### What you have to do
Every entry is to be restated exactly; pictures are not part of the copy.

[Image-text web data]
◆ ◆ ◆
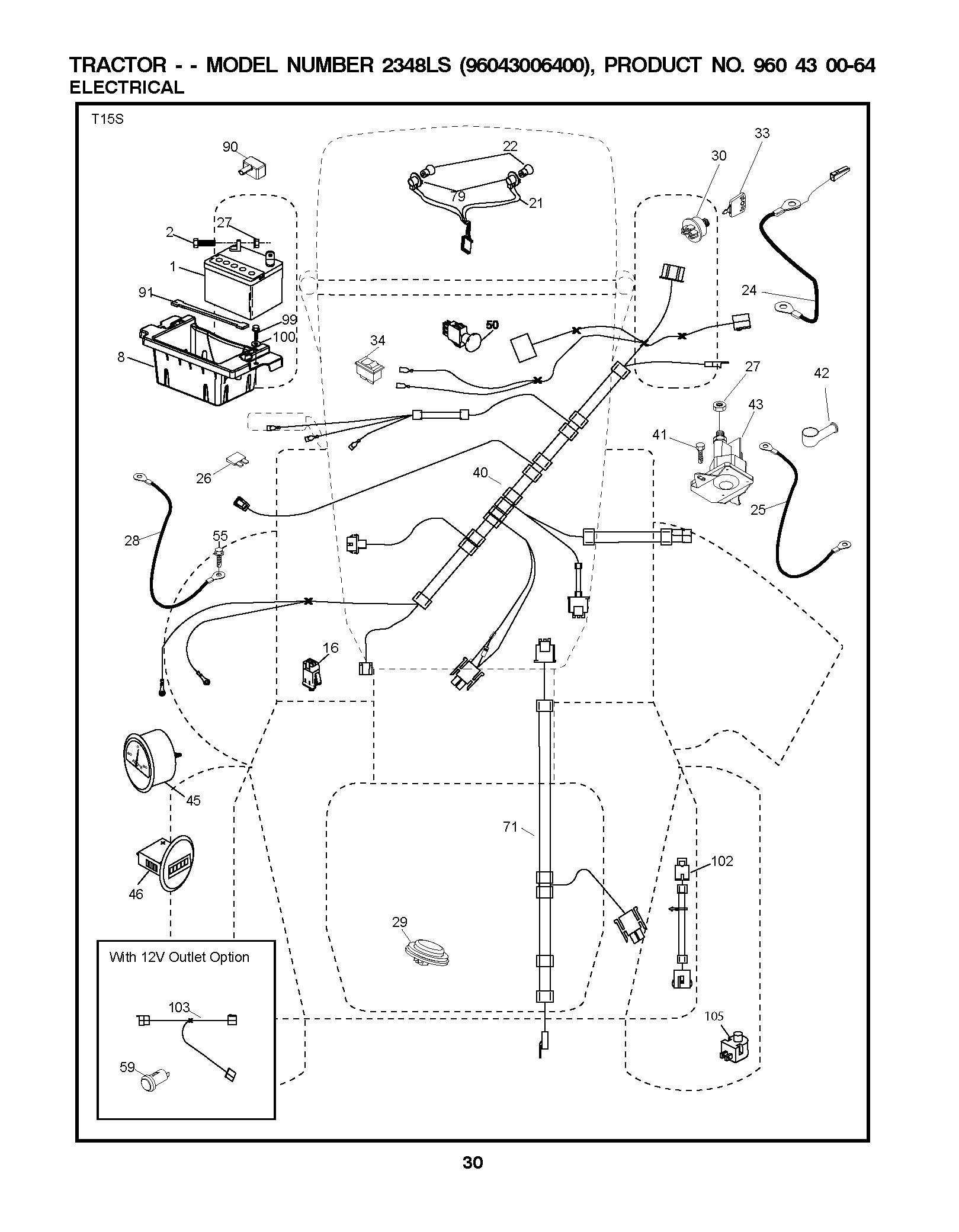 ELEKTRISCHES SYSTEM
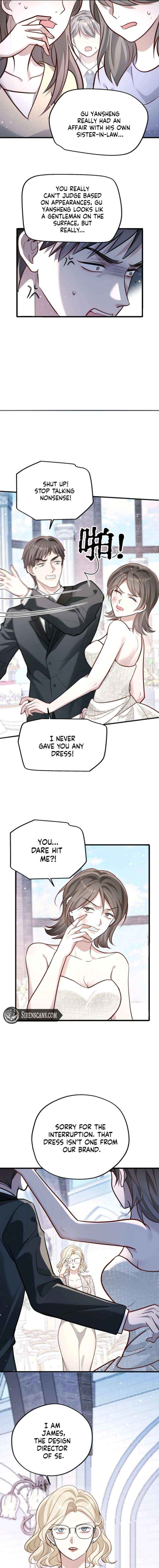 After Rebirth, I Married My Scumbag Ex’s Arch-Enemy Chapter 26 page 9 - 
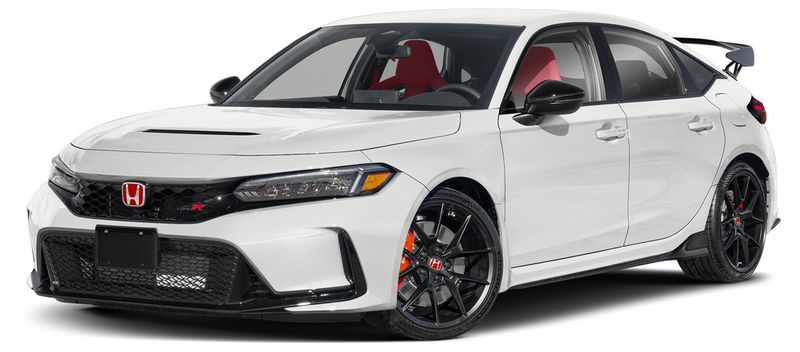 2026 Honda Civic Type R — a typically priced live listing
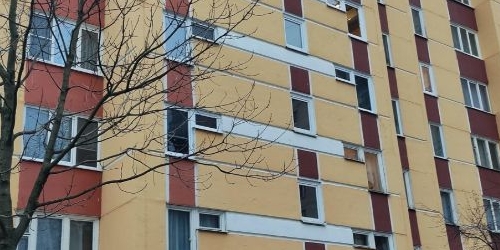 1-комн квартира Земский переулок, 10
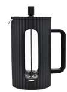 CAFETERA PRENSA FRANCESA 1000ML NEGRA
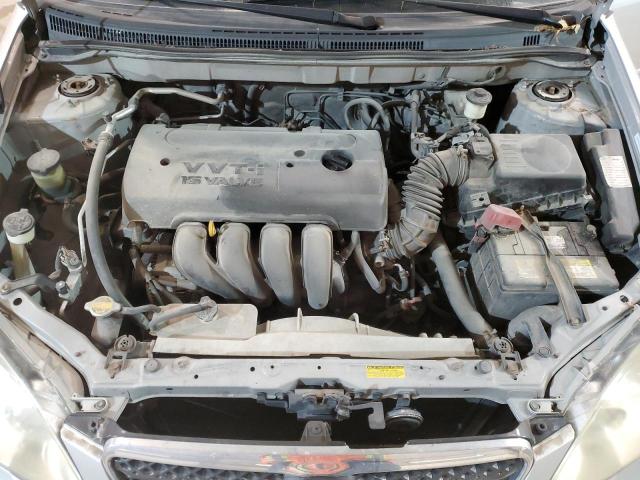 Photo 11 from auction – 2006 TOYOTA COROLLA CE with VIN 1NXBR30E76Z724079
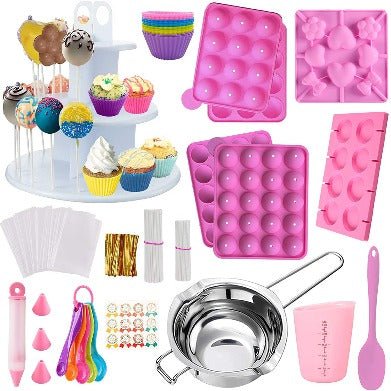 Cake Pops Baking Kits | Easy DIY Dessert Fun by Cake Pops Parties - Cake Pops Parties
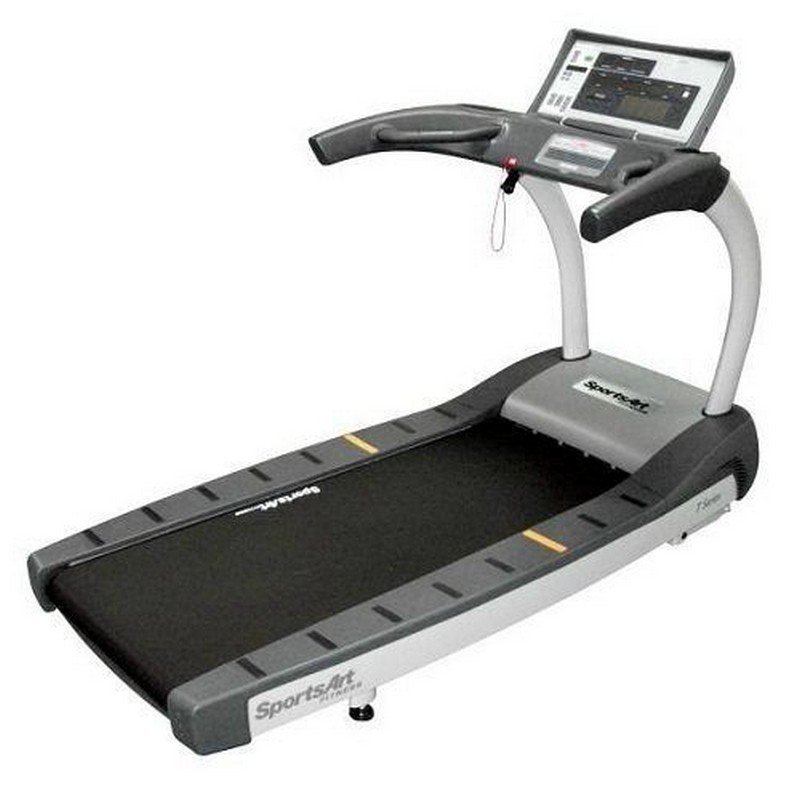 фото Беговая дорожка sportsart t670e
◆ ◆ ◆
### Final answer
 ELEKTRISCHES SYSTEM
 After Rebirth, I Married My Scumbag Ex’s Arch-Enemy Chapter 26 page 9 - 
 2026 Honda Civic Type R — a typically priced live listing
 1-комн квартира Земский переулок, 10
 CAFETERA PRENSA FRANCESA 1000ML NEGRA
 Photo 11 from auction – 2006 TOYOTA COROLLA CE with VIN 1NXBR30E76Z724079
 Cake Pops Baking Kits | Easy DIY Dessert Fun by Cake Pops Parties - Cake Pops Parties
 фото Беговая дорожка sportsart t670e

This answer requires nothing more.